DATASET CONTENT:
----------
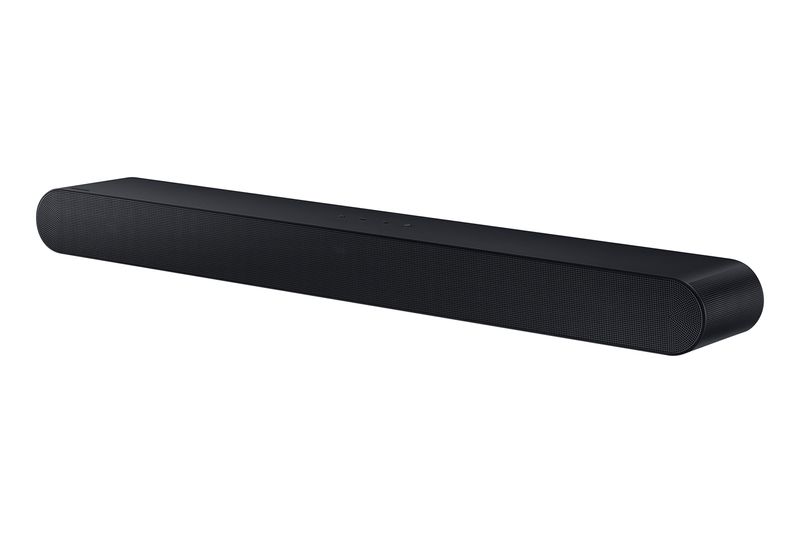 Samsung-Soundbar-HW-S60B-ZF-5-canali-200W-2022-audio-3D-wireless-ottimizzato-suono-bilanciato-e-uniforme-music-mode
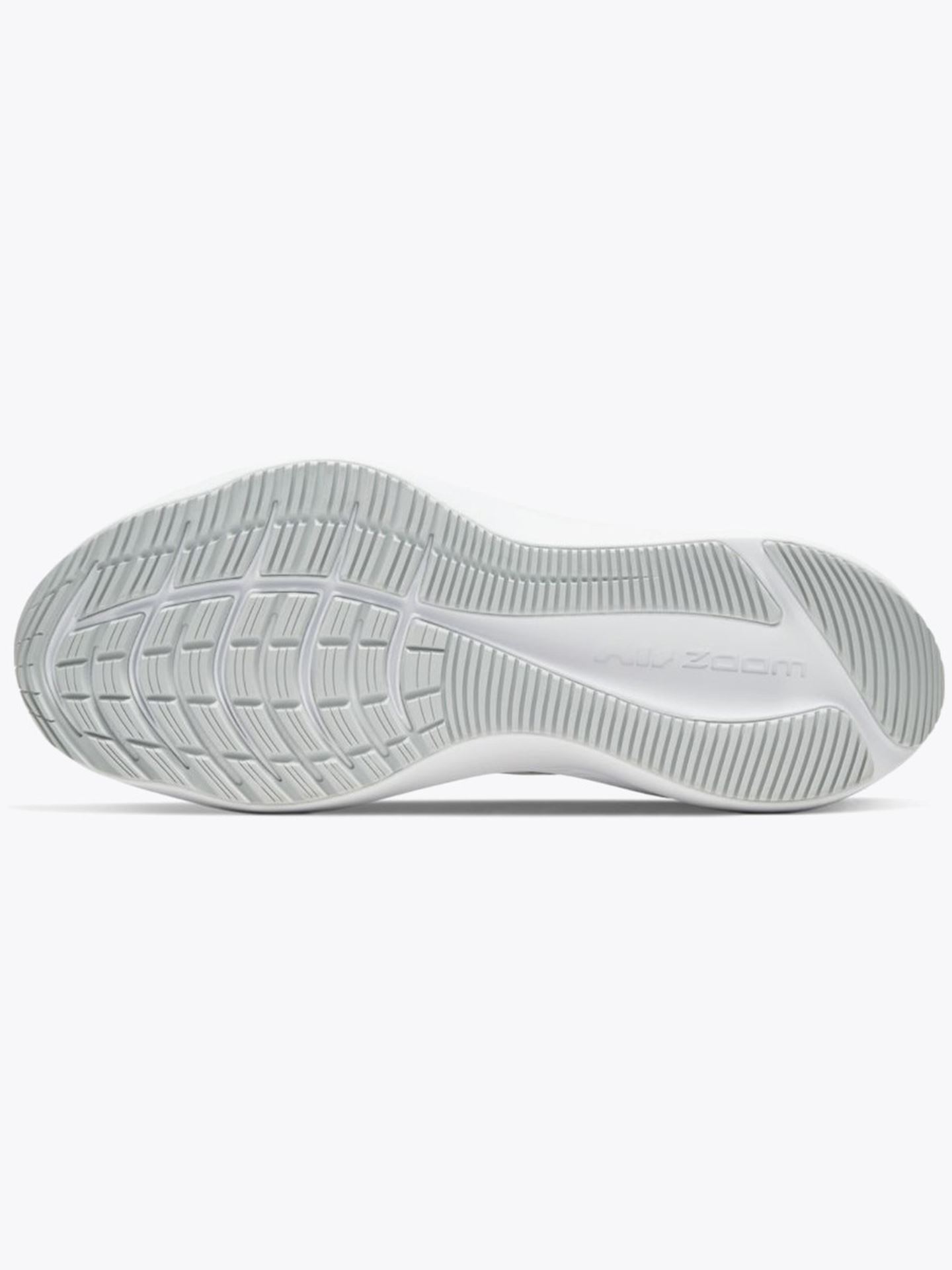 Air Zoom Winflo 7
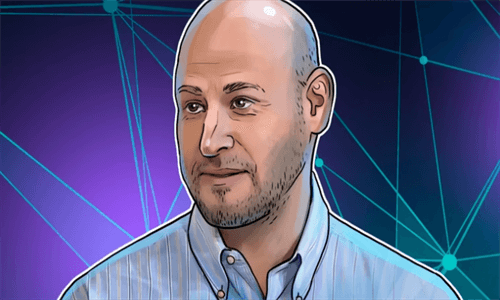 Josph Lubin警告：加密货币安全挑战严峻，用户需警惕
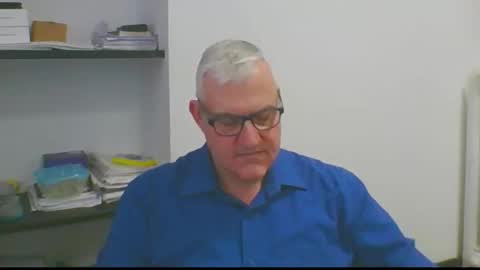 Diego ITA 71 online show from 29, 10, 2025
----------
Please give back every line above exactly as it stands, without pictures.

 Samsung-Soundbar-HW-S60B-ZF-5-canali-200W-2022-audio-3D-wireless-ottimizzato-suono-bilanciato-e-uniforme-music-mode
 Air Zoom Winflo 7
 Josph Lubin警告：加密货币安全挑战严峻，用户需警惕
 Diego ITA 71 online show from 29, 10, 2025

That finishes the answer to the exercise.